3. Training Methodology and Loss Formulation

Training is performed end-to-end with a loss function explicitly balancing rotation and translation prediction errors:

$$\mathcal{L} = \| \widehat{\Delta t} - \Delta t \|_2 + \beta \, \| \widehat{\Delta q} - \Delta q \|_2$$

where $\beta$ (set to 10 experimentally) scales the orientation component to match its typical range and impact.

Weight initialization is performed with Hybrid-CNN (combining ImageNet and Places pretraining), allowing effective transfer of low-level representations and accelerating convergence. The training dataset comprises approximately $581\,\text{K}$ image pairs from the 1DSfM project (landmarks/crowdsourced photos), subsequently refined on the DTU dataset for high-precision pose accuracy. The network is optimized using Adam, a learning rate of $10^{-4}$, batches of size 128, and weight decay $10^{-5}$.

4. Comparative Performance Against Traditional Pipelines

The CaPE CNN approach is evaluated against classical local feature-based systems (e.g., SURF, ORB), which require feature extraction, matching, and robust essential matrix estimation—typically requiring precise camera intrinsics and often failing in scenes with repetitive or textureless content.

Quantitatively, on the DTU dataset (robot-mounted, ground-truth-calibrated), the CNN method—particularly with SPP (cnn-spp)—demonstrates lower median errors in relative orientation and translation direction, especially in challenging cases:

• Handles large viewpoint baselines and low-texture areas more robustly than SURF/ORB.
• Does not require explicit knowledge of intrinsic calibration, simplifying deployment across heterogeneous datasets and cameras.

5. The Role and Impact of Spatial Pyramid Pooling (SPP)

SPP layers enable the network to accommodate variable input image sizes (by design, necessary for images originating from uncontrolled datasets) while maintaining fixed-size representations for the regression head. Multiple pyramid levels (e.g., 1×1, 2×2, 3×3, 6×6 for cnnAspp; additional 13×13 for cnnBspp) capture local and global context, critical for resolving ambiguities in wide-baseline matching. Empirical evaluation indicates that SPP-enhanced architectures consistently outperform non-SPP variants, with improved accuracy and generalization stemming from the preservation of multiscale geometric cues.
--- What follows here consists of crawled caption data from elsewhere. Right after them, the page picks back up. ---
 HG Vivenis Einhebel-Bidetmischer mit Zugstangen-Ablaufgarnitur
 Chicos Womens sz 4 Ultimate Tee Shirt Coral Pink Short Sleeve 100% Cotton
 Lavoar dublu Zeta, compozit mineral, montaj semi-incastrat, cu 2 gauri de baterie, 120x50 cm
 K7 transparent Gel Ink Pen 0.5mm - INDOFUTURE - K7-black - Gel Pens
6. Practical Applications and Broader Implications

The CaPE paradigm is directly applicable to several computer vision domains:

• Structure from Motion (SfM): Direct estimation of pairwise camera poses for incremental or global scene reconstruction.
• SLAM and Visual Odometry: Robust tracking even under adverse conditions (repetitive/textureless scenes, variable intrinsics).
• Visual Navigation/Relocalization: Efficient pose inference without reliance on global/scene-specific coordinate frames or feature engineering.
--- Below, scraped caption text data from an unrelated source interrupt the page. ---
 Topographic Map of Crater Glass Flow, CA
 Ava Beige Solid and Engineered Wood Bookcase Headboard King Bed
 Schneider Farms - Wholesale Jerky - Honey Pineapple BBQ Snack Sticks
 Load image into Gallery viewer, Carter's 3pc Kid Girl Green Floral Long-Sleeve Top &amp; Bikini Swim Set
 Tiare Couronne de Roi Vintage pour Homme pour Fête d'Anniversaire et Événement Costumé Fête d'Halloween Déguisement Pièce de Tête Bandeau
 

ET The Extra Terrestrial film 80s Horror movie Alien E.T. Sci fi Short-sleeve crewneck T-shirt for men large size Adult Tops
The system’s independence from intrinsic calibration, scalability enabled by end-to-end learning, and robustness across scene variabilities point toward future extensions where multi-stage networks provide hierarchical pose refinement, and dense feature representations fuse with explicit geometric constraints to further enhance performance and reliability.

7. Summary Table: CaPE vs. Classical Pipelines (as in (Melekhov et al., 2017))
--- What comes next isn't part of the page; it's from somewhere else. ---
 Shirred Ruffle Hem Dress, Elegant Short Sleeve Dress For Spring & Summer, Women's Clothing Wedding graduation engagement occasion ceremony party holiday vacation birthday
Approach	Input	Outputs	Robustness to Intrinsics	Performance in Challenging Scenes
CaPE Siamese CNN (SPP)	Pair RGB images	Relative pose	Not required	High: handles repetitive/textureless/large baseline scenes
SURF/ORB + Essential	Pair RGB images, K	Relative pose	Required for E-matrix	Degraded in low-texture, repetitive, or poorly calibrated data

In conclusion, Pairwise-Relative Camera Pose Encodings (CaPE) as implemented in the Siamese CNN/SPP pipeline offer a methodologically robust, scale- and coordinate-invariant foundation for geometric inference in 3D vision, surpassing traditional local feature pipelines under complex real-world conditions and enabling a new class of efficient, learning-based visual localization systems.